Nissan’s alliance with Honda shouldn’t be out of the question

Visitors look at a Honda Motor Co's car displayed outside the company showroom in Tokyo April 26, 2013.

A Nissan Motor Co. alliance with Honda Motor Co. “feels a little wrong” but shouldn’t be out of the question if the embattled automaker ends up severing ties with Renault SA, according to LightStream Research analyst Mio Kato.

Such a tie-up could appeal given the threat of Toyota Motor Corp., which has brought many smaller Japanese automakers like Mazda Motor Corp., Suzuki Motor Corp. and Subaru Corp. into its fold, Kato wrote in a note available on SmartKarma.

“Honda has never been one to engage in aggressive M&A and a merger between Honda and Nissan should be unthinkable, but with Toyota’s increasing competitiveness we feel that if Nissan desired an alliance partner to replace Renault, Honda may not be entirely against the idea,” Kato said.
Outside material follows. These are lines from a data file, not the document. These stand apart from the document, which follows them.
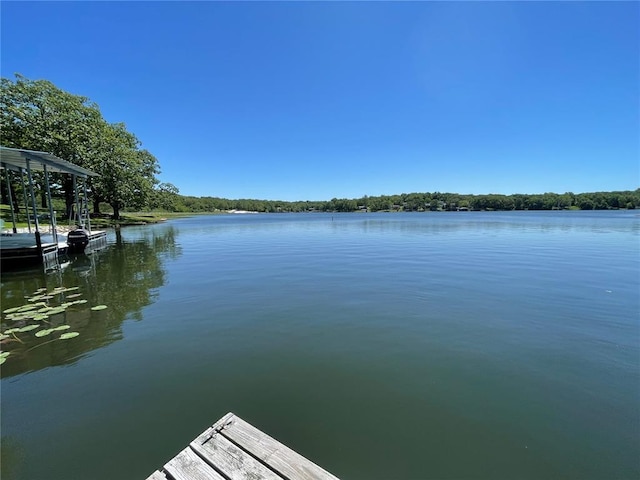 95 W Lakeview Dr, De Soto, MO 63020 - dock featuring a water view
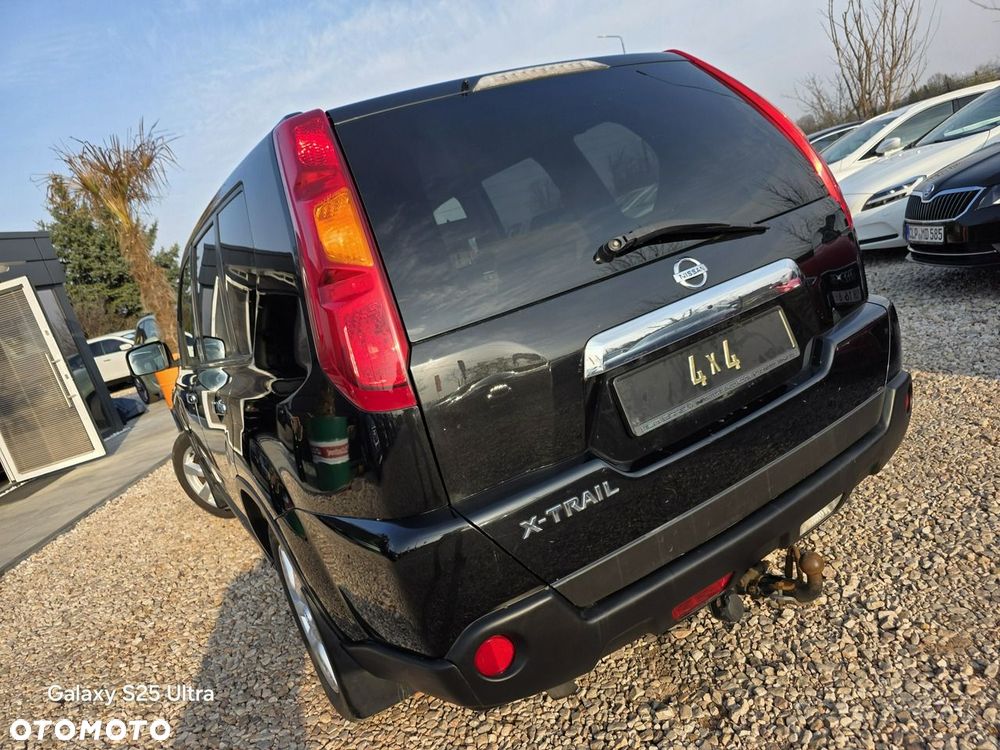 Nissan X-Trail 2.5 4x4 CVT-Automatik SE - 16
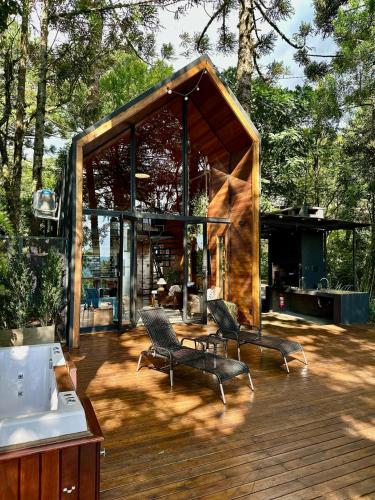 La negra cabana entre araucárias in Sao Francisco De Paula, Brasil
Nissan denied reports earlier this week that it was considering ending its alliance with Renault, which has been shaken by the dramatic escape of former Chairman Carlos Ghosn from trial in Japan. It referred to the Renault alliance as a “source of Nissan’s competitiveness.”

Nissan declined to comment on the report in SmartKarma and referred queries to its previous statements about its alliance with Renault. A Honda spokesman wasn’t immediately able to comment.
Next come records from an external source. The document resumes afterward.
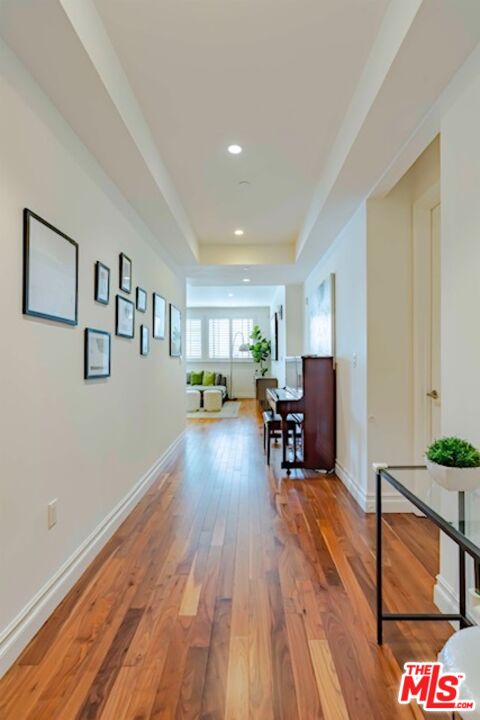 Los Angeles, California, 90010, United States, 3 Bedrooms Bedrooms, ,3 BathroomsBathrooms,Residential,For Sale,1997463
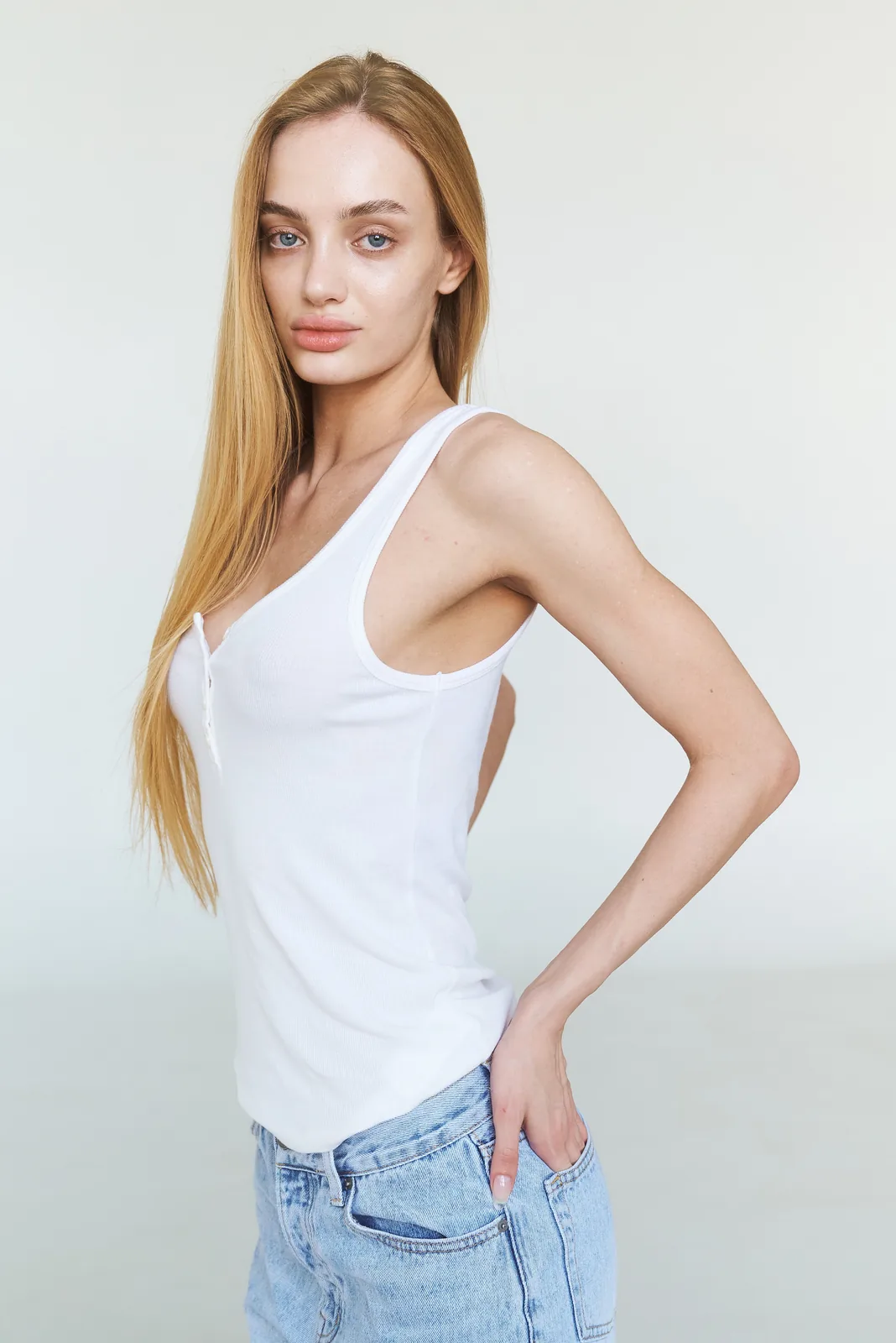 Elina Solonkina - Cosmos Model Management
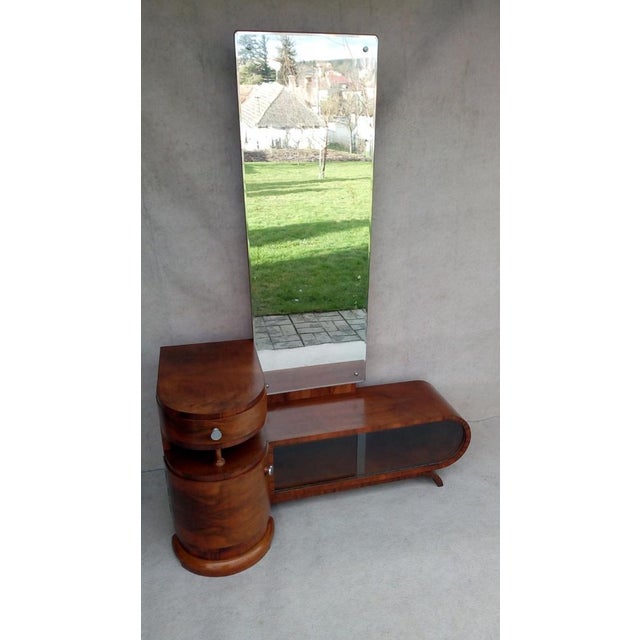 A beautiful dressing table, probably from the Thonet company in the Art Deco style. It is in original and authentic...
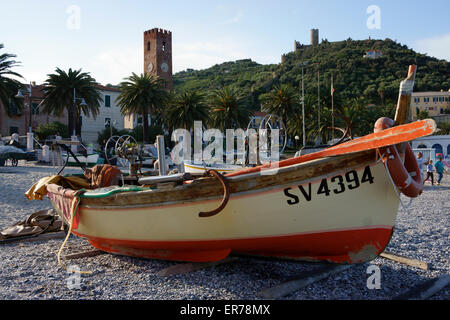 Bateaux de pêche sur la plage à ville médiévale Noli, Riviera di Ponente, Ligurie, Italie Banque D'Images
Replacing Renault with Honda in the alliance would raise unit volumes to about 12 million units a year from under 11 million units and improve product mix, given that Honda produces larger vehicles than Renault, according to Kato.Kato said carmakers will be inclined to seek partnerships given their investment burden over the new few years. He suggested that the auto industry in Japan could ultimately be split into two giant groups.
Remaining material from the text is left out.